Green shelves with fake pineapples

Kahanda Kanda – 40 mins from Galle

My best eating experience was not in Galle but at Kahanda Kanda Boutique Hotel, part of the KK Collection. It’s a 40-minute drive along the coastal road and then inland, through the tropical forests, plantations and rice fields. If you’re just going for dinner, ensure to arrive before sunset to catch the view once you get to the hotel across the plantation and down to Lake Koggal.

Sunset with palm trees and pool
The view over the swimming pool at KK Boutique Hotel just after sunset.

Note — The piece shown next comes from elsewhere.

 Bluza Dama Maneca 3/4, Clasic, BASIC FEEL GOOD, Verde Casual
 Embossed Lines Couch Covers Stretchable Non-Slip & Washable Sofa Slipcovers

The Kahanda Kanda Boutique Hotel offers expanse and tranquility, and plenty of nature, all hard to find in the built-up coastal areas around Galle. The evening when I was there, the tropical skies opened and the heavens unleashed, so I took refuge in the ‘Living’ Pavilion. I stretched out on a banquette, and ordered the signature KK Cocktail, and listened to the soothing, tapping sound of the rain pour down. Cocktails are tropical by nature, and there’s no better place to have a cocktail than in the tropics.

What I ate at Kahanda Kanda

Dinner at Kahanda Kanda was on the terrace of the Dining Pavilion, with its magical views of the surrounding hills and lush tropical vegetation. I had re-found my nirvana.

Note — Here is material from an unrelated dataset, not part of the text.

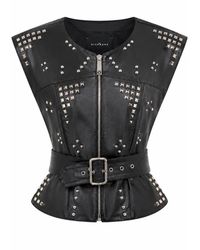 John Richmond - Tops ,Zwart ,Top Met Decoratieve Studs En Ceintuur Aan De Voorkant - Lyst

The fruit, vegetables and herbs are all grown on the estate. The style of cooking is fusion, with a strong Sri Lankan & Thai theme. I had a Soba Noodle Salad with Aubergine & Mango for starters, followed by a Fish Tagine with Couscous Salad & Vegetables and then Homemade Ice Cream & Sorbet.

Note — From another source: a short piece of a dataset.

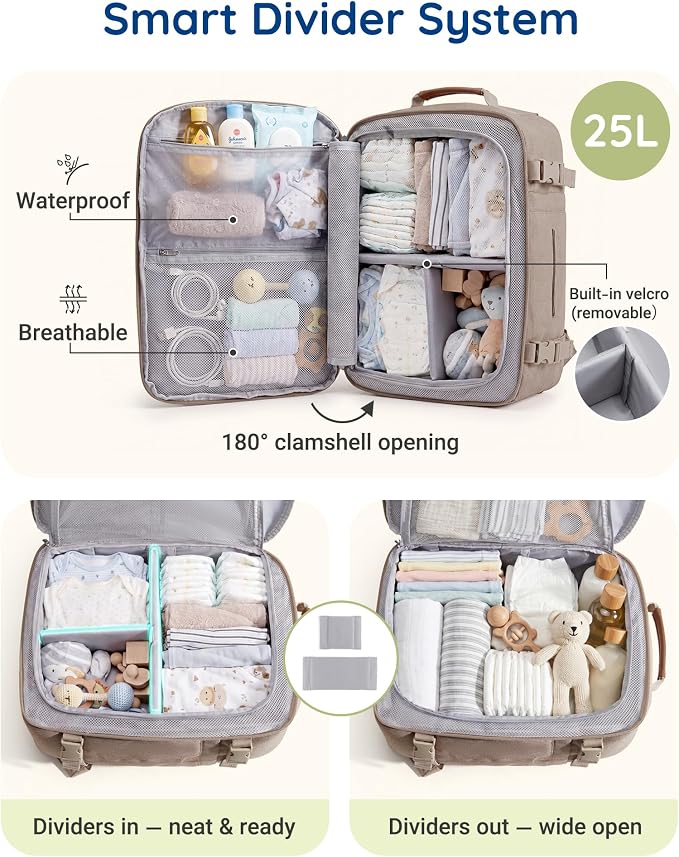 mommore Diaper Bag Backpack Multi-Pocket Travel Baby Bag - Image 2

Dinner at Kahanda Kanda was definitely worth the Rp2,000 (€27) taxi ride there and the Rp1,500 tuk-tuk back, as well s the Rp6,400 (€85) for 2 cocktails and a 3-course meal. Arriving by taxi kept my curls  in place, while returning by tuk-tuk meant I arrived at my hotel in Galle slightly windswept.

The entrance to Kahanda Kanda. The owner is an interior designer.

Time for tea: Handunugoda

Not far from Kahanda Kanda is the Handunugoda Tea Estate. Yes, it’s touristy, but it makes for a good morning or afternoon out. Visits are free, and include a slice of cake and a cup of tea in the old planter’s home, a visit round the factory. And then, of course, there’s the chance to taste and buy all the teas, including one of my favourites, lemongrass, and a new one on me, Cambogia Garcinia, which is good for losing weight, I was told.

Woman picking tea leaves
The art of picking tea
Lemongrass growing at the Handunugoda Estate.

My two nights in Galle passed quickly. I then took the train to Colombo; a journey which cost little over an euro. Most tourists I met prefer to take the car to the capital. I’d far prefer to spend the money on a good restaurant.

Boy looking at ruined train carriage

Other travel tips for Galle

  • I wore three tops a day when I was there in January. The weather was very humid and hot, reaching around 35oC.
  • Mosquitoes are plentiful on the coast in Sri Lanka. A fan or citronella essential oil are good deterrents.
  • Buy a sarong from Barefoot Ceylon, who produce ‘ethically’ in Sri Lanka.

This post was rewritten and fact-checked in March 2023.